Aim of the task
Leave the pictures in the listing below aside and reproduce exactly the lines starting with the one with "Photo of 3812 Somerset Drive" and going on through the one with "Door lock for Mercedes-benz A9737200735", both ends included.

Entries shown
*** Block opens ***
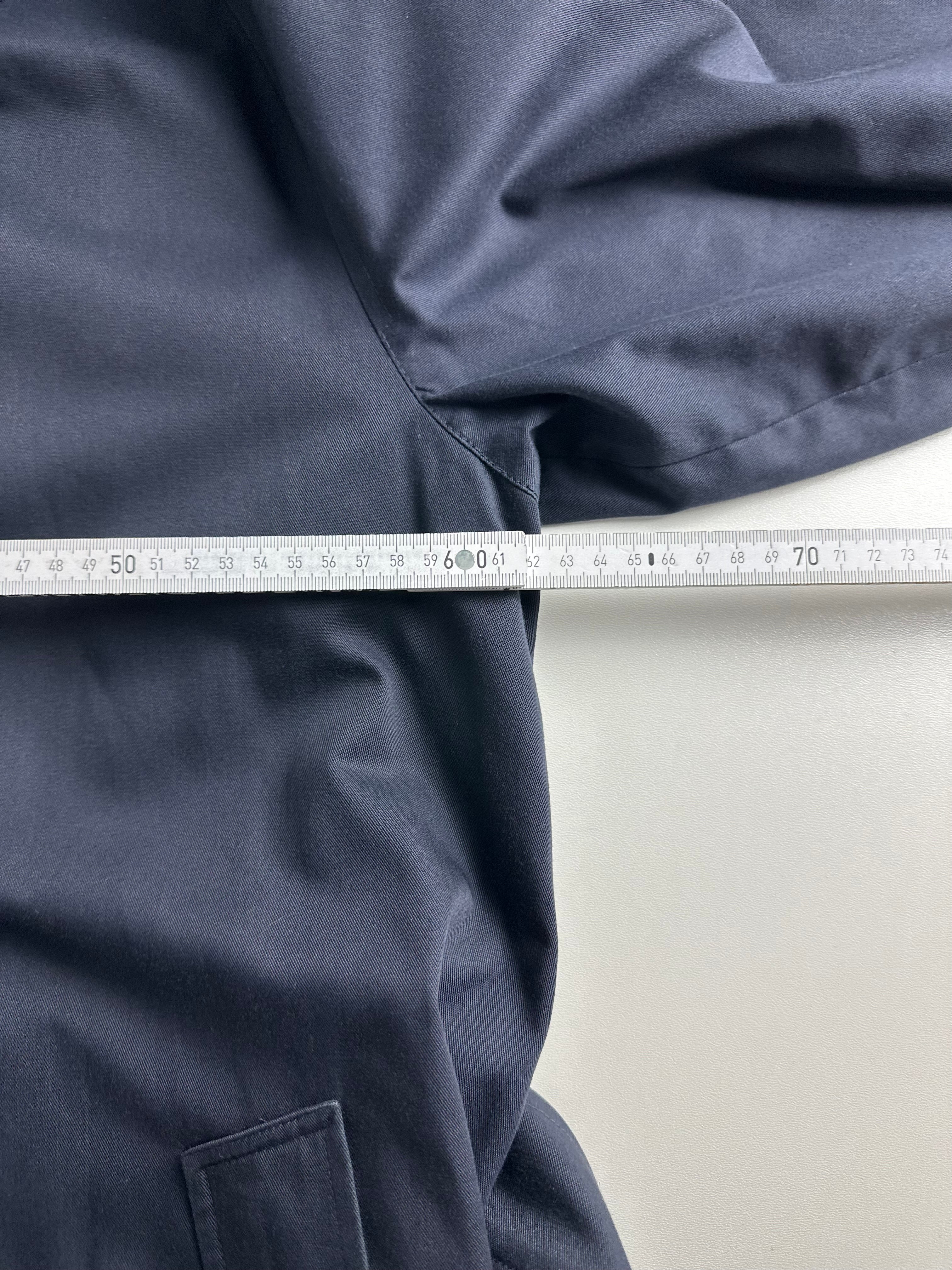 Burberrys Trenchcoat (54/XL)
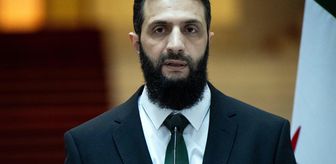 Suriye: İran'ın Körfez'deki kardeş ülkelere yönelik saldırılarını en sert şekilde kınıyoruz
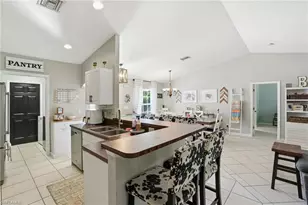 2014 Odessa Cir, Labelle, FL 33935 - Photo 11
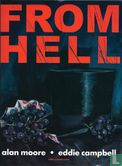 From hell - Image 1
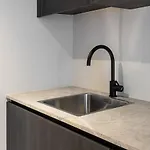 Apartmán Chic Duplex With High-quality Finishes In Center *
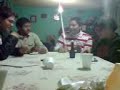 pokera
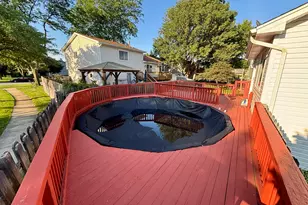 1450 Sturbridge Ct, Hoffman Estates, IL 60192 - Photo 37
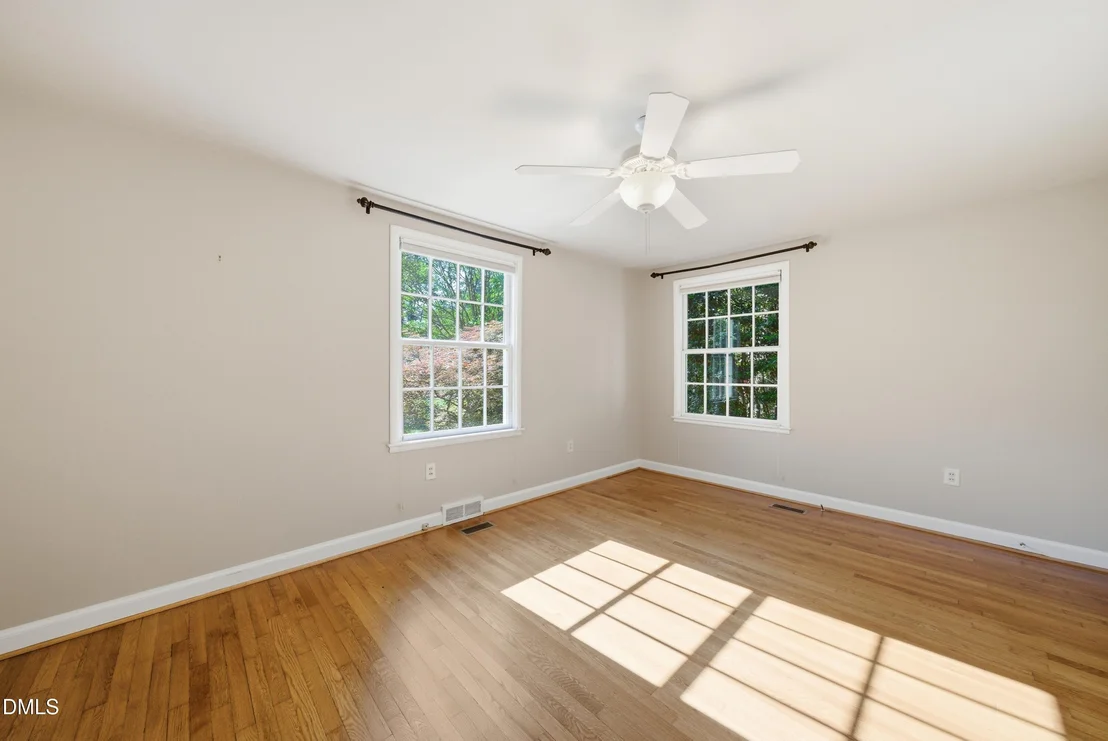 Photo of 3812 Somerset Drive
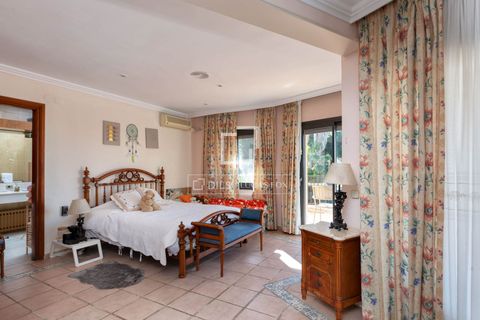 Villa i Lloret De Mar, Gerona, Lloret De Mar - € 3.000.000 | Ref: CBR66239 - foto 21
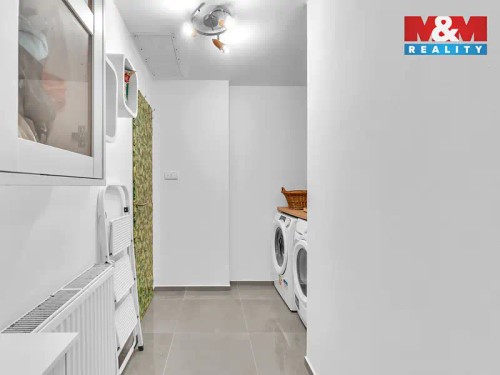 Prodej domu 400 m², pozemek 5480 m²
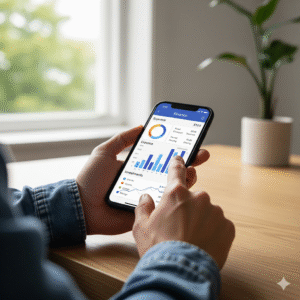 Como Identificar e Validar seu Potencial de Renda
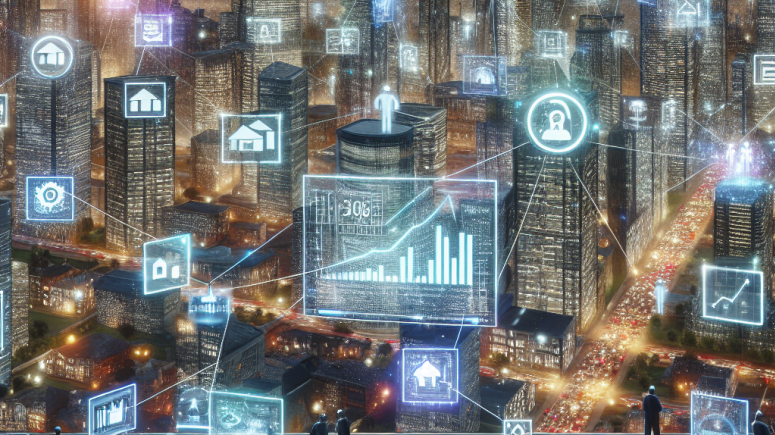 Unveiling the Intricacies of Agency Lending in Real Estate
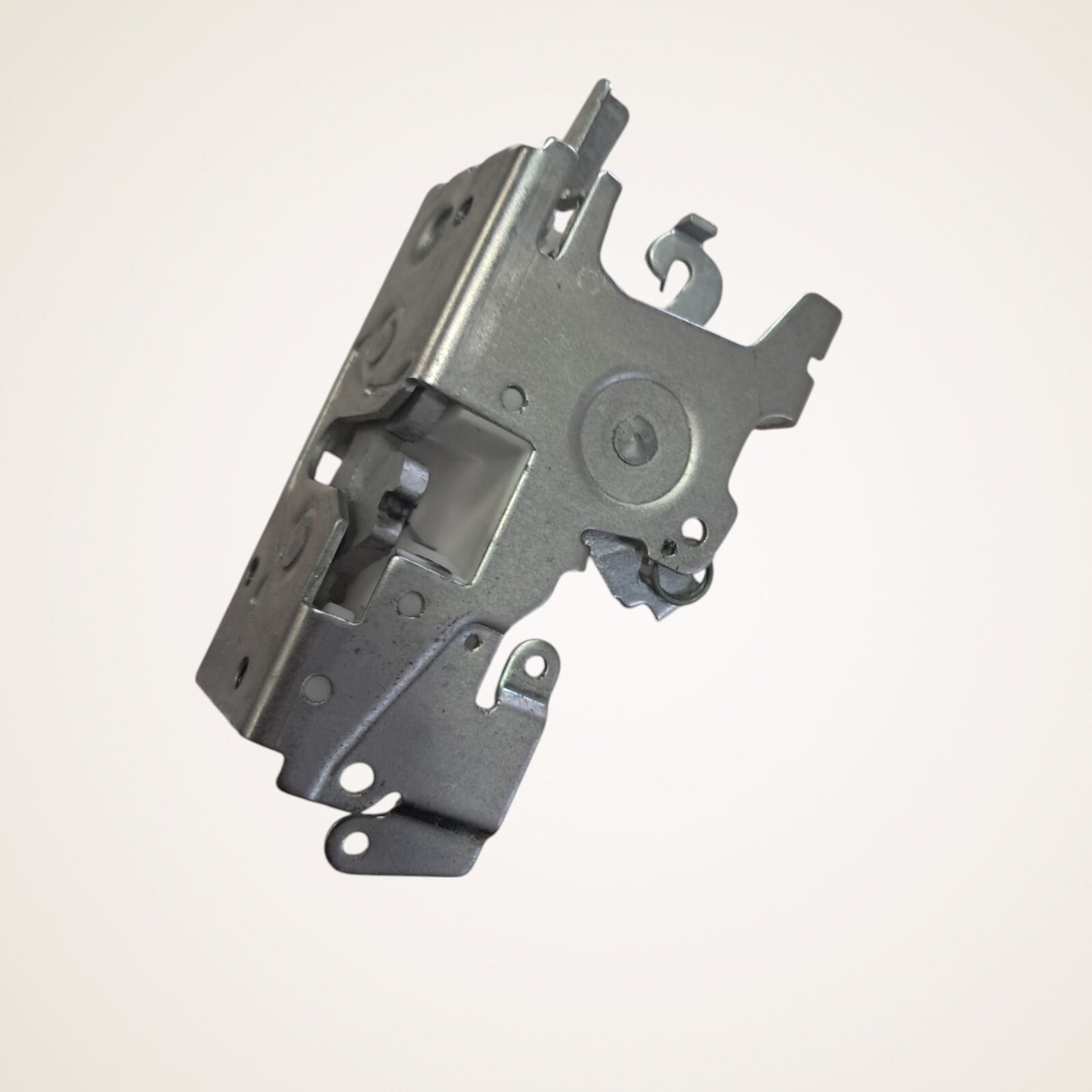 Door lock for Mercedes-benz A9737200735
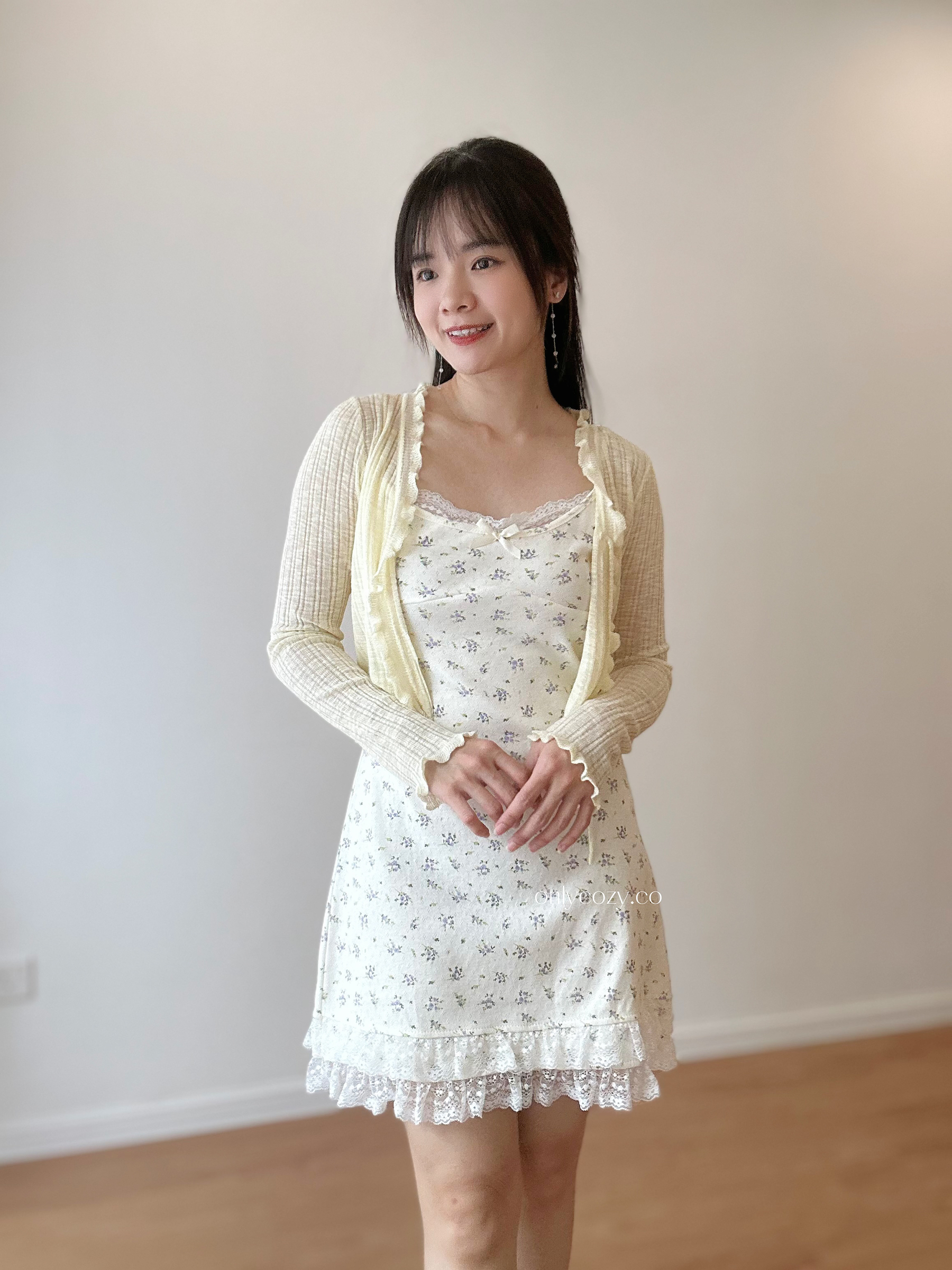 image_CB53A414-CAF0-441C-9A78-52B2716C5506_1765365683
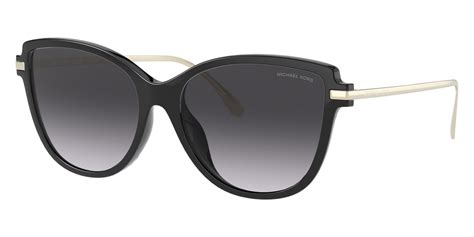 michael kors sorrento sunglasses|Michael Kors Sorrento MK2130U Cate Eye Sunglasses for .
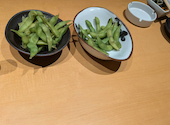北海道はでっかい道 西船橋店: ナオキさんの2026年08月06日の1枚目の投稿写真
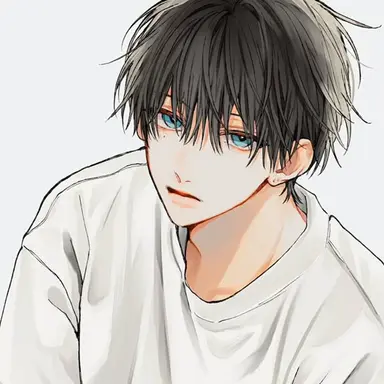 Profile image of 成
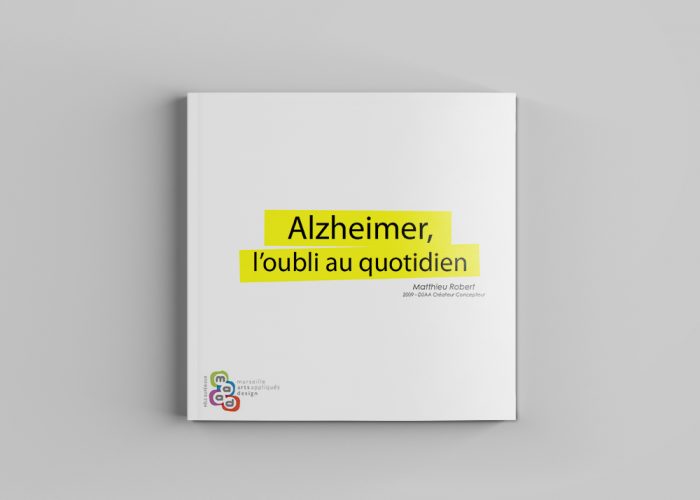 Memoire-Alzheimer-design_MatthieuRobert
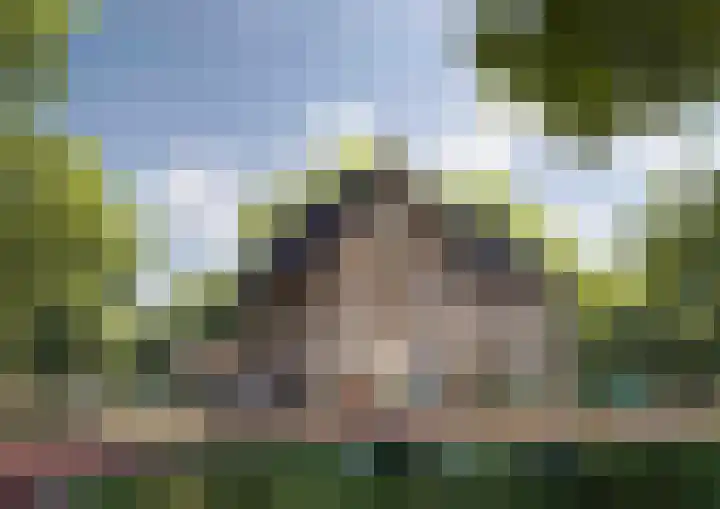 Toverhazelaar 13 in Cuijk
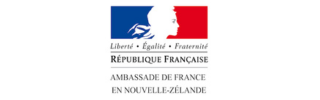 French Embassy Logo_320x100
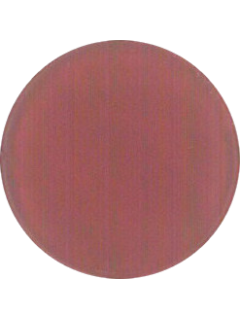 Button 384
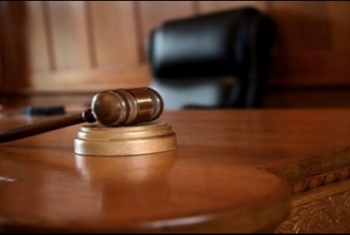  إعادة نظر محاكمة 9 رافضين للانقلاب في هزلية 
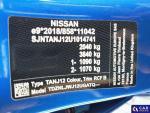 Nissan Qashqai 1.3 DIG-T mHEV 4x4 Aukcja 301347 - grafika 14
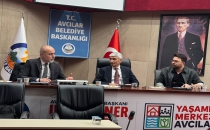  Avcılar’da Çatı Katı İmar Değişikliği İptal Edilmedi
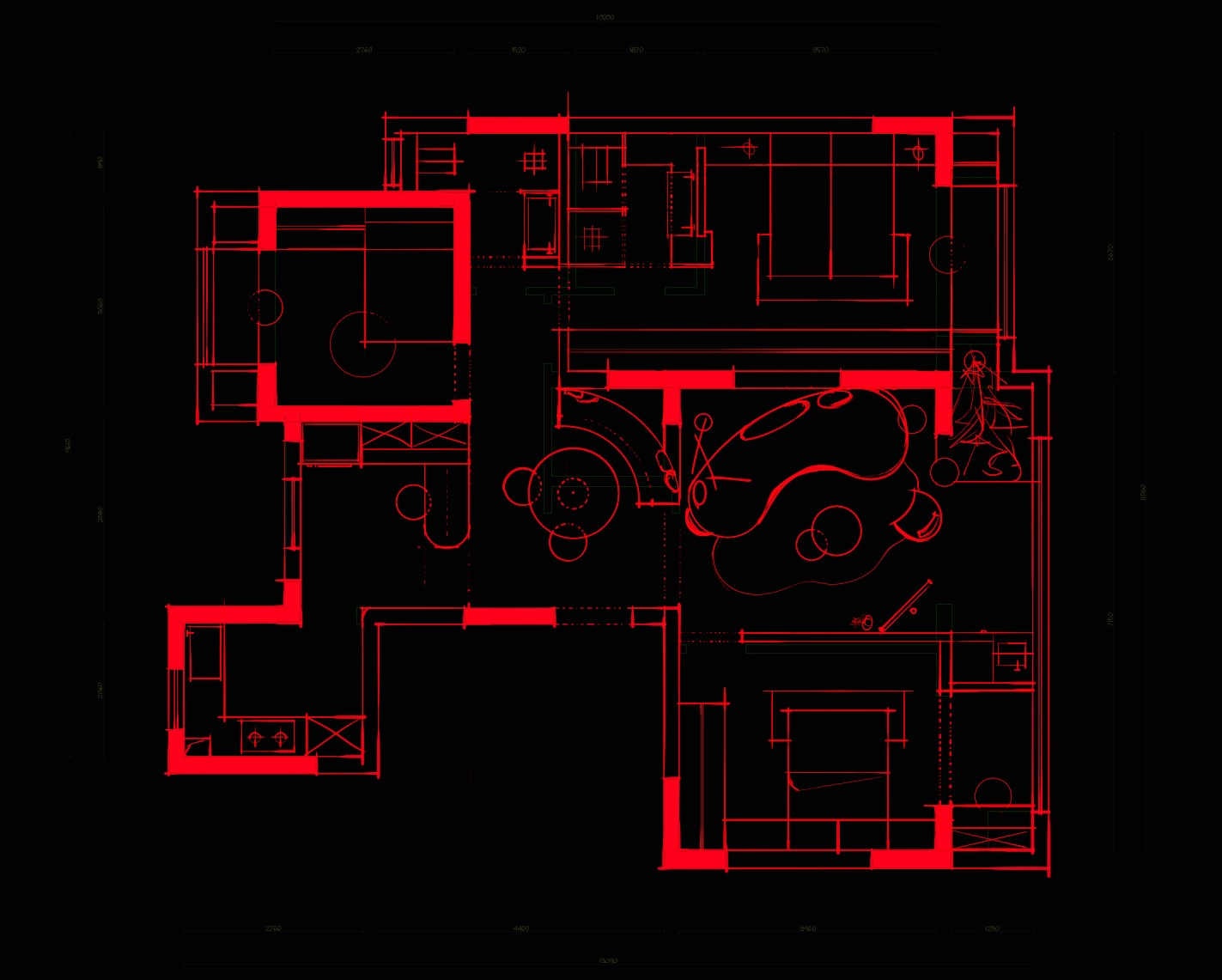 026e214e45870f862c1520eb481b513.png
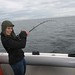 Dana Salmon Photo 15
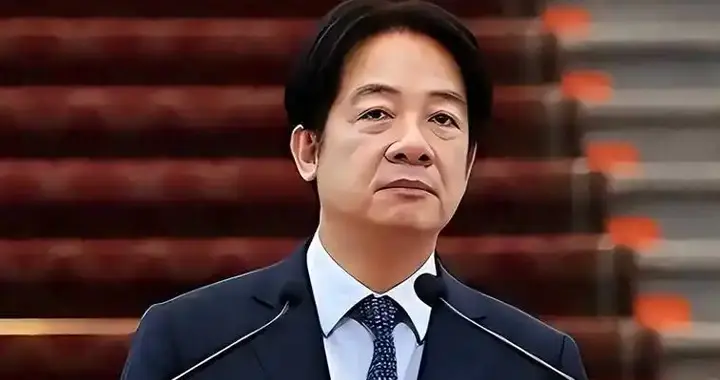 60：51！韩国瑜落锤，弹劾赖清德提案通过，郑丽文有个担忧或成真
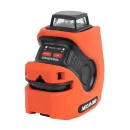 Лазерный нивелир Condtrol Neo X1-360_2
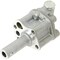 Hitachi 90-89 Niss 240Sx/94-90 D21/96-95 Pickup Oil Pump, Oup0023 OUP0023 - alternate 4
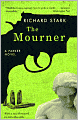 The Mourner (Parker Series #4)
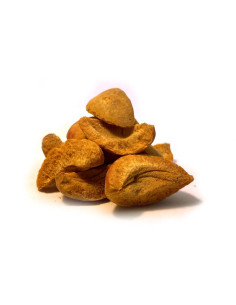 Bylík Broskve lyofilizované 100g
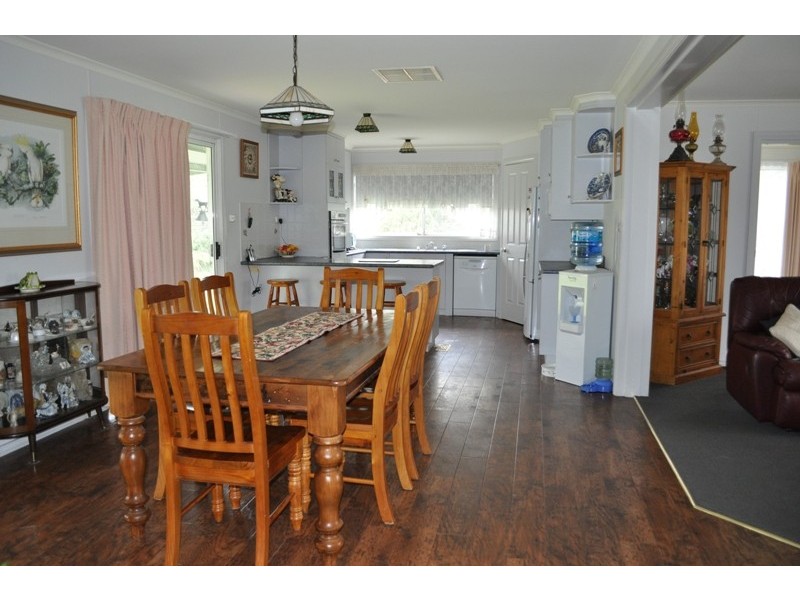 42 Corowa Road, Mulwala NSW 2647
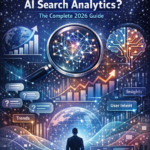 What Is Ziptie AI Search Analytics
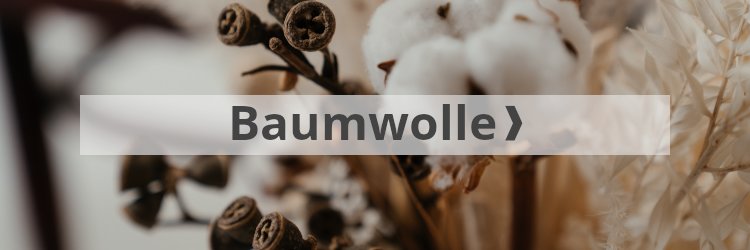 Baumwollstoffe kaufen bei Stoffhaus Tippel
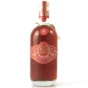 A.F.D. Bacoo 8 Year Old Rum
*** Block closes ***
Solved exercise
 Photo of 3812 Somerset Drive
 Villa i Lloret De Mar, Gerona, Lloret De Mar - € 3.000.000 | Ref: CBR66239 - foto 21
 Prodej domu 400 m², pozemek 5480 m²
 Como Identificar e Validar seu Potencial de Renda
 Unveiling the Intricacies of Agency Lending in Real Estate
 Door lock for Mercedes-benz A9737200735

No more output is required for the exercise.